RE: Re: (dchetlin) Data in Hash - DBI
by Limo (Scribe) on Oct 01, 2000 at 08:23 UTC
    Thank you for your kind words as well as your advice. I wouldn't even be able to write BAD code, if it were not for you folks! Rather than post 800 lines of code that make up exfields.pl, I will post a synopsis below. Possibly, that will give you and others insight into my problem.
    "Extracts records (selectively if requested) from a NPA [my group's typical file format]or MAGMA [db schema; irrelevant here] table dumps, producing either the entire record or (optionally) specified fields in the given order. Parameters can be in any order. Output is to STDOUT, and can be piped into this program (for further selections), or into updated versions of exfields.pl or showtable.pl. The -s option is used to select records according to whether a regexp match exists within a -f specified field or within the entire record. The -e option is used, optionally, to specify the fieldlist and output field order. One major use of this program is to create a reduced table, whose output contains only selected rows and columns. Another is to transform table format or order."

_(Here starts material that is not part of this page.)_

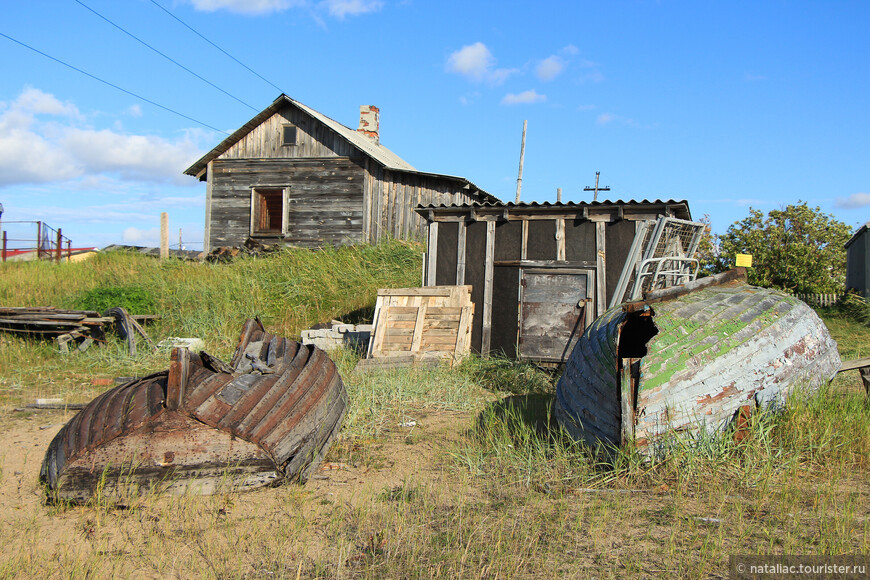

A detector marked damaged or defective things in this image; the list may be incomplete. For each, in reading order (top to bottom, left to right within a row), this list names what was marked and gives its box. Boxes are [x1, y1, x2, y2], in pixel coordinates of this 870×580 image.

rusty boat hull [40, 320, 348, 500]
rusty boat hull [560, 270, 844, 450]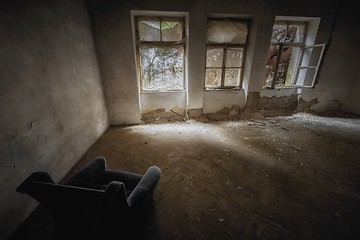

    Now, here's an example of the gunzipped file headers:
    #DFD ' ' #H SrcRtr ifIndex ifPRule ifDescr ifName ifType ifSpeed ifPhysAddress ifWscModPort ifWscPortName ifAlias ifWscPortVlan ifVlanState ifVlanName TPNativeVlan TPDynStatus TPEncapOpType ifCP ifStackLL ifStackUL cdpFlg cdpCacheCnt cdpCacheInfo ipN2MediaCnt ipN2MediaInfo atmMaxVpcs atmCfgVpcs atmMaxVccs atmCfgVccs atmInfo frActCnt frInACnt frInfo IpAddress IpMask IpSubNet ospfFlags ospfAreaInfo NumIpAddresses NumIpAddrUp CfgIpAddrUp CfgIpAddrStats NumLoopbacksUp CfgRtrPollUp CfgRtrLPollUp CfgStats CfgPoll CfgErrFlg CfgWarnFlg CfgIfMapType CfgIfSysID CfgPoP MonName CfgIfDescr CfgIfSpeed CfgIfIndex SPopRegion SPopType SPopUse SPopAllow SRtrRole DstExtent DPop DPopRegion DPopType DPopUse DPopAllow DPopCloud DstDev DstDevRole MediaDstInfo CfgIfType CfgIfServRole CfgIfPurpose CfgIfVpiA CfgIfDlciA CfgIfVpiZ CfgIfDlciZ CfgIfRemL2Dev CfgIfRemL2Port CfgIfVLAN FlowType RcIfFlags RcASN RcOspfs BgpLocalAS BgpExtnlAS RcBgpCfd RcBgpCfdPeers BgpRemASInfo OspfIfInfo RcPrtChan RcPrtChanList RcIfSpeed RcVpiVci RcAtmAalEP RcAtmPkbps RcAtmAkbps RcAtmBurst RcAtmPvcMapInfo RcFrDlci RcEncap IpOspfCost IpOspfPriority CldGroup CldName CldStatus CldRatio CldThresh CfgCid CirActive CirCIR CirSpeed CirOrdered CirOnLine CirOffLine ModBy ModOn RcText #F %16s %3d %5s %16s %s %3d %11.0f %17s %5s %11s %s %s %s %s %s %s %s %s %s %s %s %2d %s %2d %s %2s %2s %2s %2s %s %2s %2s %s %15s %15s %15s %3s %s %2d %1d %1d %1d %1d %1d %1d %1s %1s %5s %5s %3s %6s %-10s %-36s %16s %11.0f %3s %4s %2s %2s %7s %2s %-3s %-10s %4s %2s %2s %7s %20s %20s %2s %s %4s %4s %4s %4s %4s %4s %4s %15s %5s %5s %4s %4s %5s %5s %5s %5s %2s %s %s %s %s %s %11s %7s %12s %6s %6s %6s %s %5s %5s %5s %5s %20s %20s %10s %4s %4s %20s %5s %11s %11s %8s %8s %8s %10s %18s %s
    The output of exfields looks EXACTLY as shown in my original post, depending on which fields I want to look at, of course. Basically, what I envision for the database is for it to contain my selected headers from file1 and file2 as column names; each column containing the corresponding data. Column 1 in the db would contain the primary key, which in my case, is a router name. Essentially, that is what the 2 files will have in common; different sets of data related to each router. What I need to do is grab a subset of router data from file1, a subset of router data from file2, and merge both subsets into file3, which will be <STDOUT>. Actually, here's a sample output of exfields:
    ./exfields.pl -e MonName,ifSpeed,DstDev pptop.20000921.gz nyc1-br2/nyc4-br2:1.t3 45045000 nyc4-br2 nyc1-br2/nyc4-br2:2.t3 45045000 nyc4-br2 nyc1-br2/nyc4-br2:3.t3 45045000 nyc4-br2 nyc1-cr1/nyc4-br1.t3 44210000 nyc4-br1 nyc1-br1/nyc2-cr1.t3 45045000 nyc2-cr1 nyc4-br2/cleveland1-br1.2.t3 45045000 cleveland1-br1 nyc4-br2/cleveland1-br2.t3 44210000 cleveland1-br2 nyc4-br2/nyc1-br2:1.t3 45045000 nyc1-br2 nyc4-br2/nyc1-br2:2.t3 45045000 nyc1-br2 nyc4-br2/nyc1-br2:3.t3 45045000 nyc1-br2 nyc4-nbr2/nycmny1-br1.oc12 622000000 nycmny1-br1
    Again, it is the field "MonName" that both file1 and file2 will have in common.I hope that some of this makes my problem a bit clearer to those willing to help out.